Top of Material for this exercise

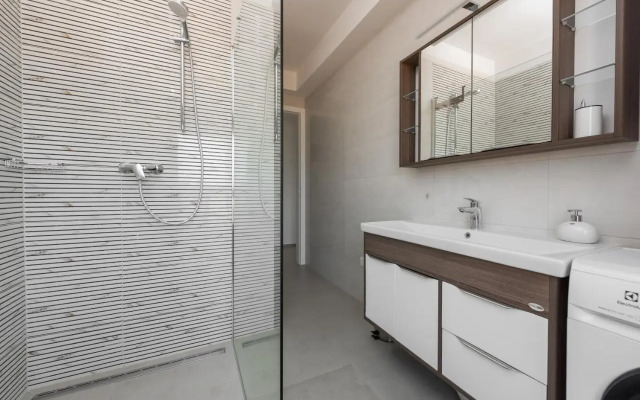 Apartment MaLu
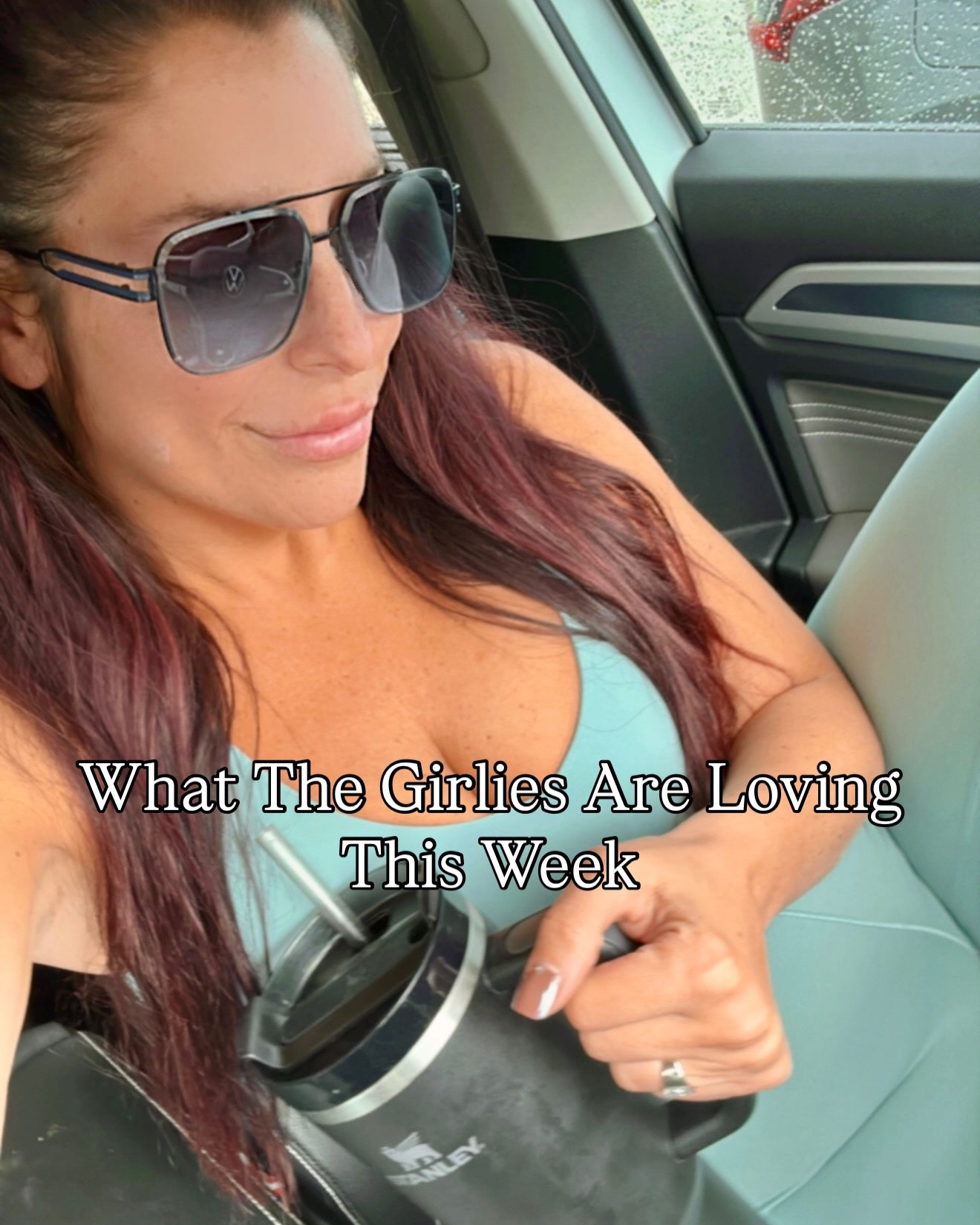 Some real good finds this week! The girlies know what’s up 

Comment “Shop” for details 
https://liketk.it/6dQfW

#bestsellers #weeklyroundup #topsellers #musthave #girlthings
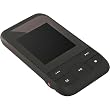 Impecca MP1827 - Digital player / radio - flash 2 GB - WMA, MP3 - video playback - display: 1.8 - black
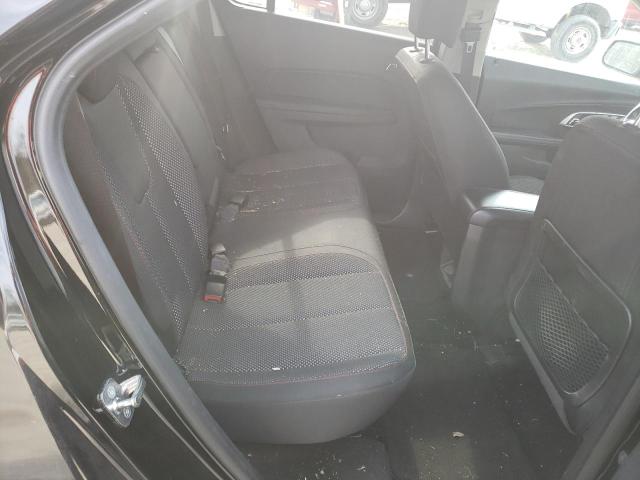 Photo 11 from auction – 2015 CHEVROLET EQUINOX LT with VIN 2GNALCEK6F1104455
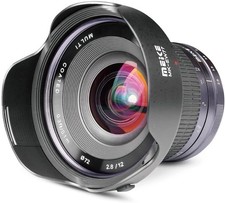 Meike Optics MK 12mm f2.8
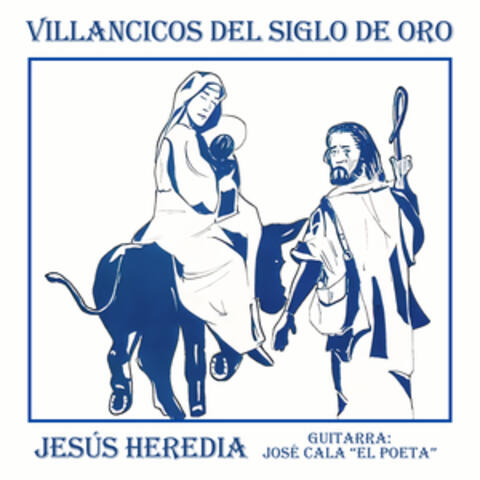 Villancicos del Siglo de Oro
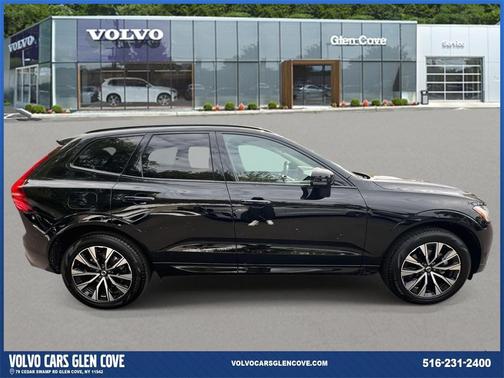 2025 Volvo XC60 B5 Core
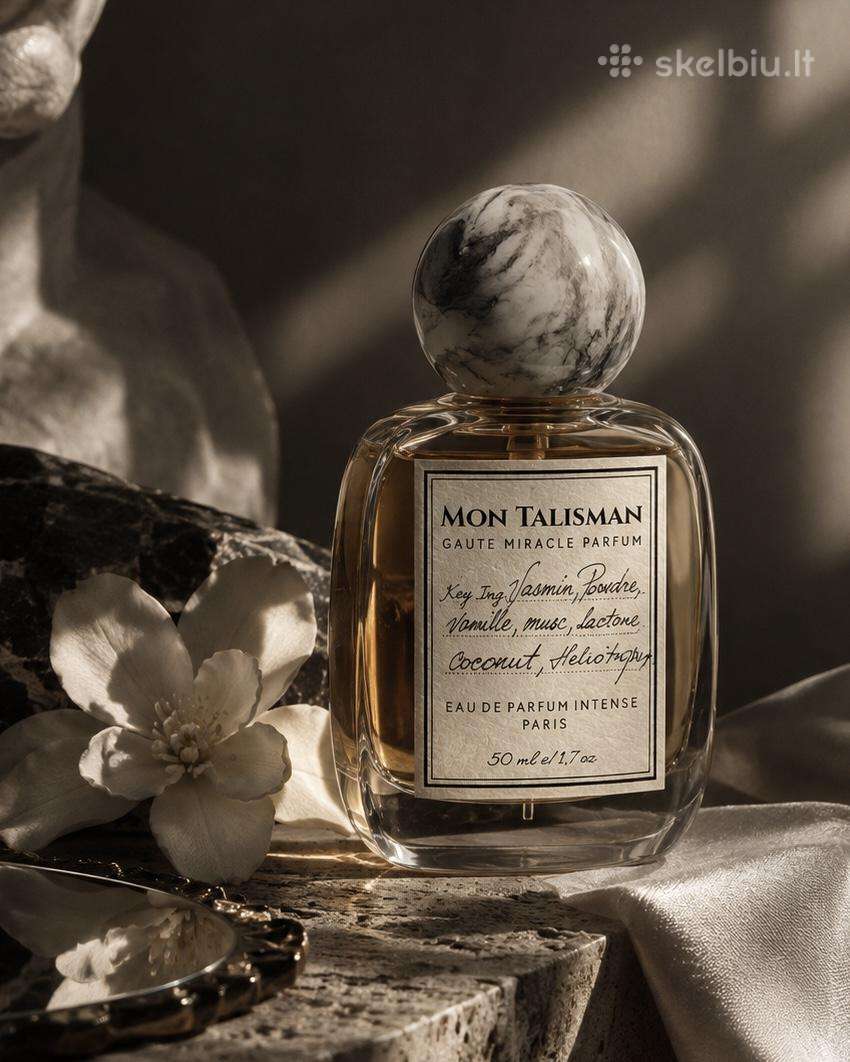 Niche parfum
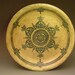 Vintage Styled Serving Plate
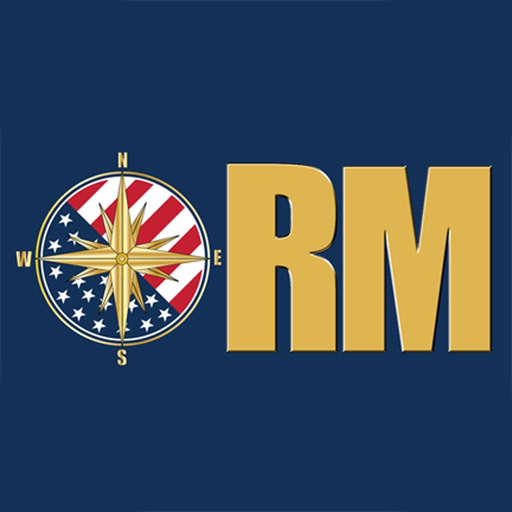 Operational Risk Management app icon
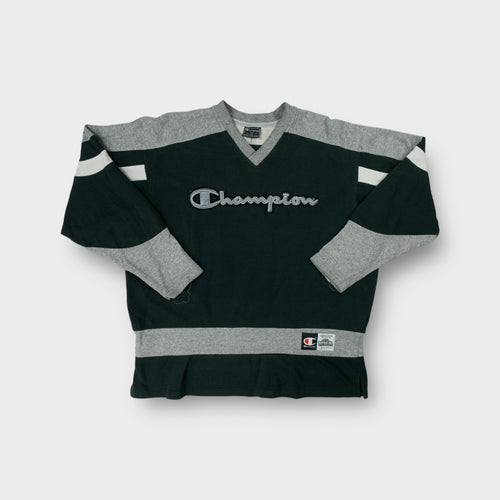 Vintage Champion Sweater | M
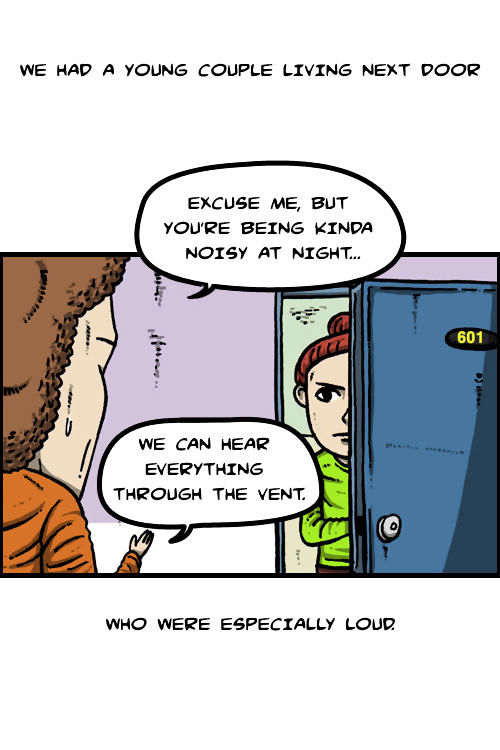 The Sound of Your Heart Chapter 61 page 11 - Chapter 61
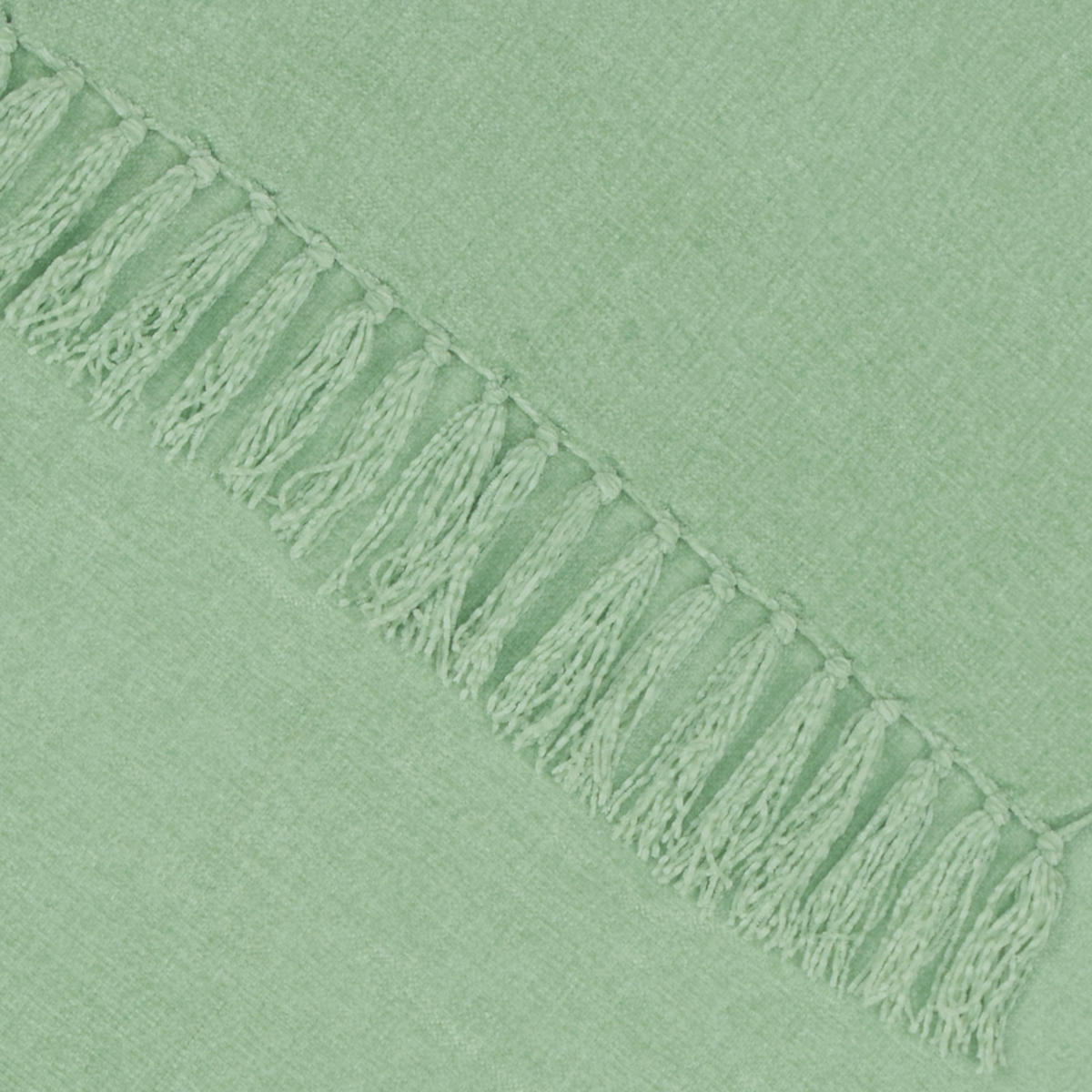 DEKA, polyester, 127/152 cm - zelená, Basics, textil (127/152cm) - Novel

Bottom of Material for this exercise

All that is needed is an exact copy of the entries above, minus the pictures.

 Apartment MaLu
 Some real good finds this week! The girlies know what’s up 

Comment “Shop” for details 
https://liketk.it/6dQfW

#bestsellers #weeklyroundup #topsellers #musthave #girlthings
 Impecca MP1827 - Digital player / radio - flash 2 GB - WMA, MP3 - video playback - display: 1.8 - black
 Photo 11 from auction – 2015 CHEVROLET EQUINOX LT with VIN 2GNALCEK6F1104455
 Meike Optics MK 12mm f2.8
 Villancicos del Siglo de Oro
 2025 Volvo XC60 B5 Core
 Niche parfum
 Vintage Styled Serving Plate
 Operational Risk Management app icon
 Vintage Champion Sweater | M
 The Sound of Your Heart Chapter 61 page 11 - Chapter 61
 DEKA, polyester, 127/152 cm - zelená, Basics, textil (127/152cm) - Novel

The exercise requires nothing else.